▶ [Work instruction]
What you give back must match the records below exactly, apart from the pictures, which are omitted.

▶ [Saved entries]

►

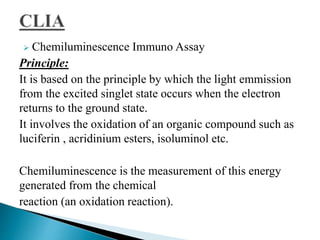  Chemiluminescence Immuno Assay
Principle:
It is based on the principle by which the light emmission
from the excited singlet state occurs when the electron
returns to the ground state.
It involves the oxidation of an organic compound such as
luciferin , acridinium esters, isoluminol etc.
Chemiluminescence is the measurement of this energy
generated from the chemical
reaction (an oxidation reaction).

◄

▶ [Written response]
  Chemiluminescence Immuno Assay
Principle:
It is based on the principle by which the light emmission
from the excited singlet state occurs when the electron
returns to the ground state.
It involves the oxidation of an organic compound such as
luciferin , acridinium esters, isoluminol etc.
Chemiluminescence is the measurement of this energy
generated from the chemical
reaction (an oxidation reaction).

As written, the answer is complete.